What I dislike about my approach is that the creation of the toCheck string allocates. Is there a way to reuse the substring in the CharBuffer for lookup?


Solution

  • You can avoid expensive string construction by using a CharBuffer as key type:

    Map<CharBuffer, MyType> lookup = new TreeMap<>(Comparator
        .comparingInt(CharBuffer::remaining)
        .thenComparing((cb1,cb2) -> {
            for(int p1 = cb1.position(), p2 = cb2.position(); p1 < cb1.limit(); p1++, p2++) {
                char c1 = cb1.get(p1), c2 = cb2.get(p2);
                if(c1 == c2) continue;
                c1 = Character.toUpperCase(c1);
                c2 = Character.toUpperCase(c2);
                if(c1 != c2) return Integer.compare(c1, c2);
            }
            return 0;
        }));
    lookup.put(CharBuffer.wrap("RETURN"), MyType.KEYWORD_RETURN);
    
    boolean lookupIdentifier(
        CharBuffer buffer, int offset, int length, Map<CharBuffer, MyType> lookupTable) {
    
        int currentPos = buffer.position(), currLimit = buffer.limit();
        buffer.clear().position(offset).limit(offset + length);
        boolean result = lookupTable.containsKey(buffer);
        buffer.clear().position(currentPos).limit(currLimit);
        return result;
    }
    

    The comparator uses a cheap length comparison before performing a case insensitive character comparison. This assumes that you stay with keywords like RETURN, which have a simple case mapping.

    For a map with 50 keywords, using log₂ comparisons for a lookup might still yield reasonable performance. Mind that each comparison stops at the first mismatch.


    You can use hashing with a dedicated wrapper object:

    final class LookupKey {
        final CharBuffer cb;
        LookupKey(CharBuffer cb) {
            this.cb = cb;
        }
        @Override public int hashCode() {
            int code = 1;
            for(int p = cb.position(); p < cb.limit(); p++) {
                code = Character.toUpperCase(cb.get(p)) + code * 31;
            }
            return code;
        }
        @Override public boolean equals(Object obj) {
            if(!(obj instanceof LookupKey)) return false;
            final LookupKey other = (LookupKey)obj;
            CharBuffer cb1 = this.cb, cb2 = other.cb;
            if(cb1.remaining() != cb2.remaining()) return false;
            for(int p1 = cb1.position(), p2 = cb2.position(); p1 < cb1.limit(); p1++, p2++) {
                char c1 = cb1.get(p1), c2 = cb2.get(p2);
                if(c1 == c2) continue;
                c1 = Character.toUpperCase(c1);
                c2 = Character.toUpperCase(c2);
                if(c1 != c2) return false;
            }
            return true;
        }
    }
    
    Map<LookupKey, MyType> lookup = new HashMap<>();
    lookup.put(new LookupKey(CharBuffer.wrap("RETURN")), MyType.KEYWORD_RETURN);
    
    boolean lookupIdentifier(
        CharBuffer buffer, int offset, int length, Map<LookupKey, MyType> lookupTable) {
    
        int currentPos = buffer.position(), currLimit = buffer.limit();
        buffer.clear().position(offset).limit(offset + length);
        boolean result = lookupTable.containsKey(new LookupKey(buffer));
        buffer.clear().position(currentPos).limit(currLimit);
        return result;
    }
    

    The construction of a lightweight object like the LookupKey, which unlike String construction doesn’t need to copy character contents, is negligible.

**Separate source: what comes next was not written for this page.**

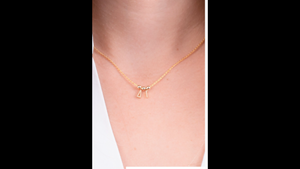 Sorority-Necklace Gold Beaded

But note that hashing, unlike a comparator, has to process all characters upfront, which can turn out to be more expensive than the log₂ comparisons of a small TreeMap.

    If these keywords are unlikely to change, an explicit lookup code, i.e. a switch over invariant properties of the key strings, can be even more efficient. E.g. start with switching over the length, if most keywords differ in length, then over a character which is different for most keywords (include case labels for uppercase and lowercase variant). Another alternative is a hierarchical lookup structure for these properties.